Le laboratoire prothésiste dentaire s’estime créancière d’une somme de 7048,69 euros issue d’un reliquat de factures. La mise en demeure de payer du 22 juillet 2020 est restée vaine.
Par assignation du 1er décembre 2020, le laboratoire [H] ET [M] a saisi en référé le président du tribunal judiciaire de Lyon pour qu’il condamne le Cabinet [D] [Y] à lui verser cette somme avec intérêts au taux légal à compter de la mise en demeure outre 1500 euros au titre de l’article 700 du code de procédure civile et les dépens.
La requérante a ensuite porté à 2500 euros sa demande au titre de l’article 700 du code de procédure civile. Son débiteur n’a jamais contesté la somme due. Il payait régulièrement tardivement. Il se borne à contester la qualité des travaux globalement et n’évoque que le cas de Madame [B] pour une prestation d’un montant minime.
Le cabinet [D] [Y] a excipé d’une contestation sérieuse sur l’existence de la créance en l’absence d’élément probatoire sérieux. Il a conclu au débouté des demandes et à la condamnation du demandeur à lui payer 1500 euros au titre de l’article 700 du code de procédure civile outre les dépens.
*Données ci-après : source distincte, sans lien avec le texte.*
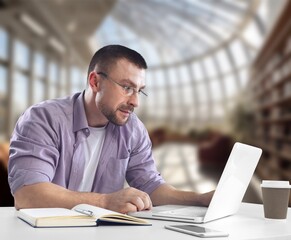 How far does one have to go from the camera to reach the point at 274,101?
484 cm

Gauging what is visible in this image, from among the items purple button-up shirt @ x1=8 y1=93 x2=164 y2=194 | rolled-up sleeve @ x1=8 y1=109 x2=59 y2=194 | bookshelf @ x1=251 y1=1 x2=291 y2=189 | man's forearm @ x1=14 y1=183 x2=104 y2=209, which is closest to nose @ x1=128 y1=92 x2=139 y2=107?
purple button-up shirt @ x1=8 y1=93 x2=164 y2=194

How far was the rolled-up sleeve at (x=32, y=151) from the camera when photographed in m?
1.28

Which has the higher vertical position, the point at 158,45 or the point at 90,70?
the point at 158,45

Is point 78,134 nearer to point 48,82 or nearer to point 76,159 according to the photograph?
point 76,159

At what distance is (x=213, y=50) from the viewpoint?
189 inches

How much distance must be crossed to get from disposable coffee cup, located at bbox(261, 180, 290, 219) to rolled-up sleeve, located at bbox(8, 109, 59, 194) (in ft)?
1.93

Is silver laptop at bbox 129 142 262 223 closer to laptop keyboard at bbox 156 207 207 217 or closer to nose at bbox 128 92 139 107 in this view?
laptop keyboard at bbox 156 207 207 217

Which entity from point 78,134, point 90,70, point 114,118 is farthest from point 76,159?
point 90,70

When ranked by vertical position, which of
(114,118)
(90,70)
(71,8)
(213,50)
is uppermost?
(71,8)

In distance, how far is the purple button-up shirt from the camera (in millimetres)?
1316

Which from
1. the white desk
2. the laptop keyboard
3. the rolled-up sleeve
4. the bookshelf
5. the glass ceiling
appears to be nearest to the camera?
the white desk

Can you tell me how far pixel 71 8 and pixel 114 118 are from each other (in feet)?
11.1

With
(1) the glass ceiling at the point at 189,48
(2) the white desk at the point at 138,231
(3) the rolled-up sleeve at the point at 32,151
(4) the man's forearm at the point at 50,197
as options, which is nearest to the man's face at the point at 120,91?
(3) the rolled-up sleeve at the point at 32,151

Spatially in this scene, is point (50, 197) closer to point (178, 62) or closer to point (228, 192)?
point (228, 192) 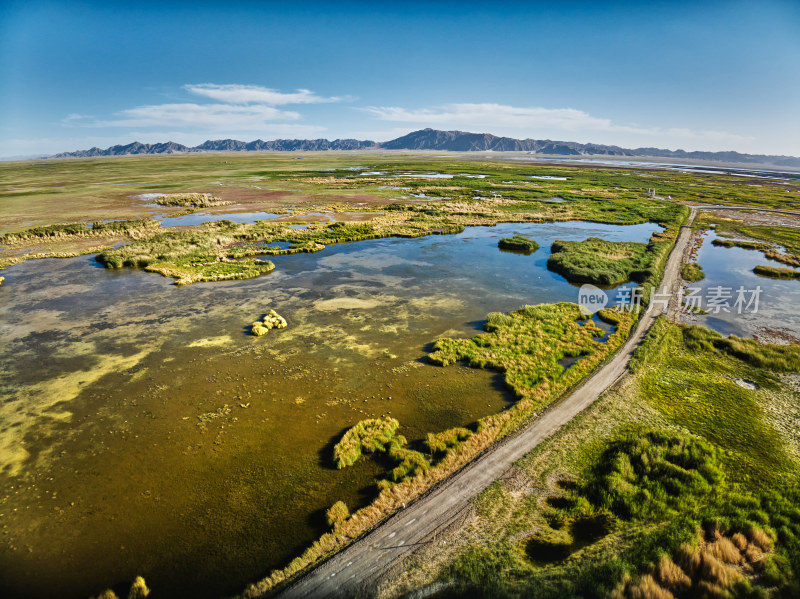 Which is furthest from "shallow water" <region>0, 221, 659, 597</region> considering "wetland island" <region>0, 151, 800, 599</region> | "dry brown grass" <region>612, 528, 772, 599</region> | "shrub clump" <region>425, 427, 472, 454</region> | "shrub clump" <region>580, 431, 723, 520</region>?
"dry brown grass" <region>612, 528, 772, 599</region>

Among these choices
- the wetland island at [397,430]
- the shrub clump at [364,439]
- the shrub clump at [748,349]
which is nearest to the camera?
the wetland island at [397,430]

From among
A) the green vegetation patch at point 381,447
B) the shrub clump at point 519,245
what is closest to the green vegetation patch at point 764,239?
the shrub clump at point 519,245

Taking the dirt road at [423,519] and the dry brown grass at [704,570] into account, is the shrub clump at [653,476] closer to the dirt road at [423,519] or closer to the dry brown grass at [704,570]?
the dry brown grass at [704,570]

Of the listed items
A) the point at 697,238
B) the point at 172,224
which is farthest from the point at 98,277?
the point at 697,238

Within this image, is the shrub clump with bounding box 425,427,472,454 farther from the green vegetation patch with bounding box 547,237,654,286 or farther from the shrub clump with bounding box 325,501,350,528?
the green vegetation patch with bounding box 547,237,654,286

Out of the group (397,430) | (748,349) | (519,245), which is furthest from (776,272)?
(397,430)

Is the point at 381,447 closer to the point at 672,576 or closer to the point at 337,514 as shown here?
the point at 337,514
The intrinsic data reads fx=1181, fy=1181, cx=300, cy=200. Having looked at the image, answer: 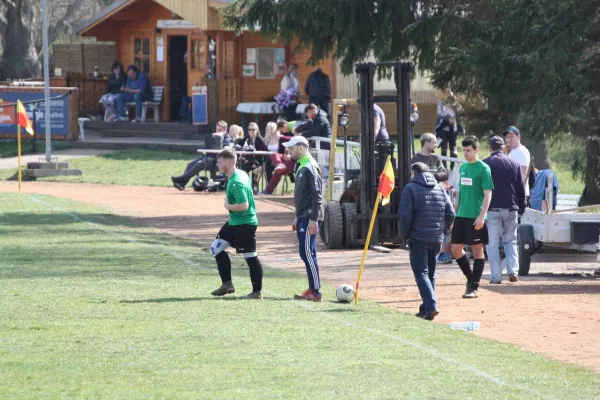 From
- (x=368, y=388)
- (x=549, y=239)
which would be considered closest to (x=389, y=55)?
(x=549, y=239)

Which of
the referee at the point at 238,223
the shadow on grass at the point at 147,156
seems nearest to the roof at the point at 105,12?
the shadow on grass at the point at 147,156

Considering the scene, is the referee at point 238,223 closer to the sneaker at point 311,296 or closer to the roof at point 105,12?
the sneaker at point 311,296

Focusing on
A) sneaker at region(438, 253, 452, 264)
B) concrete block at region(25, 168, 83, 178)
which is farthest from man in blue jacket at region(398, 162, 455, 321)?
concrete block at region(25, 168, 83, 178)

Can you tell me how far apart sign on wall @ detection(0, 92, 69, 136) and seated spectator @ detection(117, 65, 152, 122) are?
2.73 m

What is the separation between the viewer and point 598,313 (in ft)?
40.8

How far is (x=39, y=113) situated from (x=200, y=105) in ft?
15.5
Selon lui, de très nombreuses prothèses livrées ne sont pas susceptibles d’être posées. Le matériel n’est pas conforme. Il a été retourné pour modification.
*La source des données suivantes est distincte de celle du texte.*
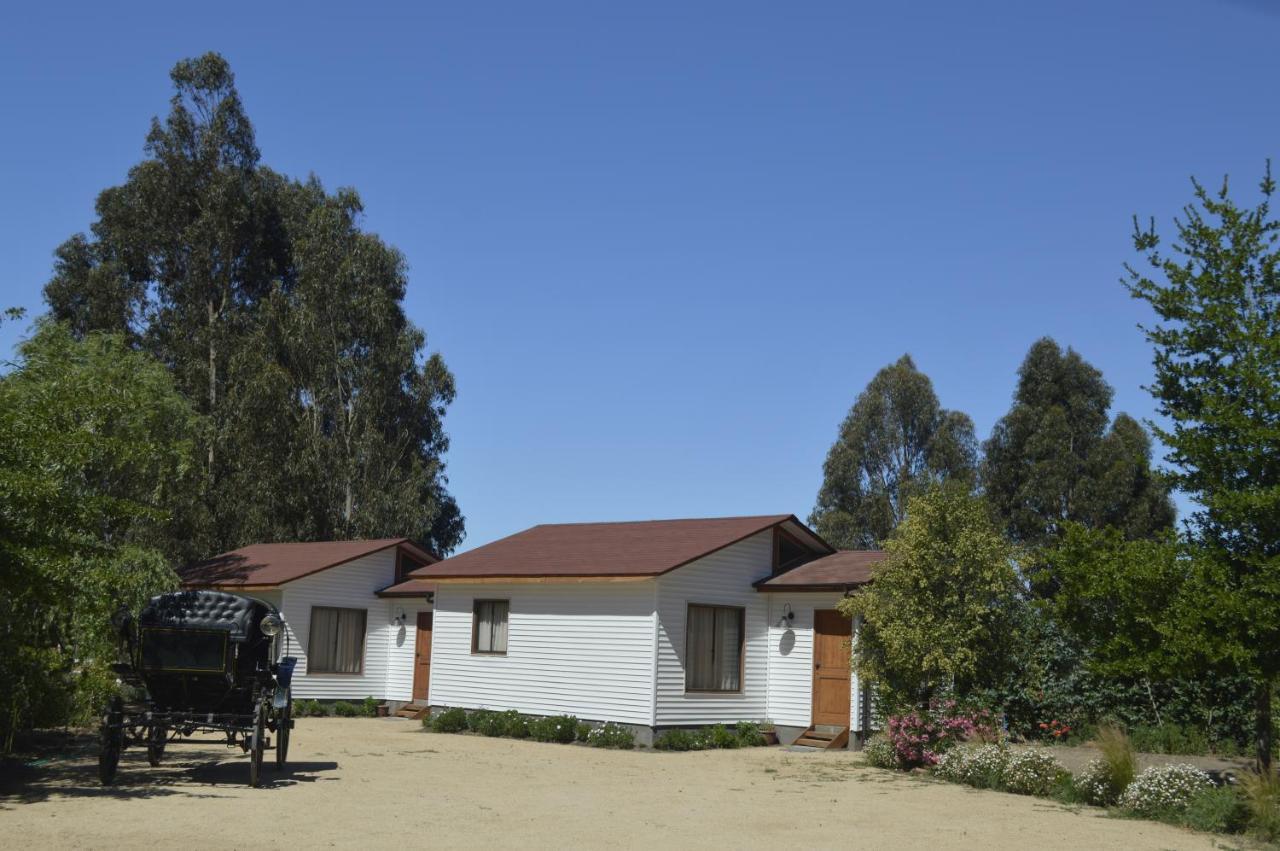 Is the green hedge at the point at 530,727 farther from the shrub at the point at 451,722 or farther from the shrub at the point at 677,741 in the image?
the shrub at the point at 677,741

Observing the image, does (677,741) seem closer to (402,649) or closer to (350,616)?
(402,649)

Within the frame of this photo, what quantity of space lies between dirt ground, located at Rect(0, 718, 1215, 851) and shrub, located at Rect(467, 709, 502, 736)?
14.0ft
Suivant ordonnance du 27 août 2021, le juge des référés, a’:
au principal renvoyé les parties à se pourvoir ;
rejeté la demande en paiement d’une provision ;
condamné le laboratoire [H] ET [M] à payer 800 euros au titre de l’article 700 du code de procédure civile outre les dépens.
Le juge a retenu en substance que’:
Le défendeur a produit des bons de livraison correspondant à des prothèses ne donnant pas satisfaction avec des attestations de patients évoquant des renvois de prothèses dysfonctionnelles au fabricant.
Appel a été interjeté, par le conseil de la SARL laboratoire [H] ET [M] par déclaration électronique le 15 octobre 2021 à l’encontre des entières dispositions de l’ordonnance du 27 août 2021.
Les plaidoiries ont été fixées au 11 mai 2022 à 9 heures suivant la procédure à bref délai des articles 905 à 905-2 du code de procédure civile.
Suivant ses dernières conclusions n°2 notifiées par RPVA le 3 mai 2022, la SARL LABORATOIRE [H] ET [M] demande à la Cour, de’:
Vu l’article 834 al 2 du code de procédure civile et 1103 et 1104 du code civil
infirmer l’ordonnance en toutes ses dispositions,
Statuant à nouveau,
constater que la SELARL Cabinet [D] [Y] est débitrice de la somme de 7 048,69 euros en principal.
En conséquence,
la condamner à lui verser la somme en principal de 7048,68 euros outre tous intérêts au taux légal à compter du 22 juillet 2020 date de la mise en demeure ;
la condamner à lui verser 2500 euros au titre de l’article 700 du code de procédure civile outre les entiers dépens.
L’appelante soutient notamment en substance que’:
-ses relations sont anciennes avec le Cabinet [D] [Y] qui a régulièrement pris trop de liberté quant au délai pour régler.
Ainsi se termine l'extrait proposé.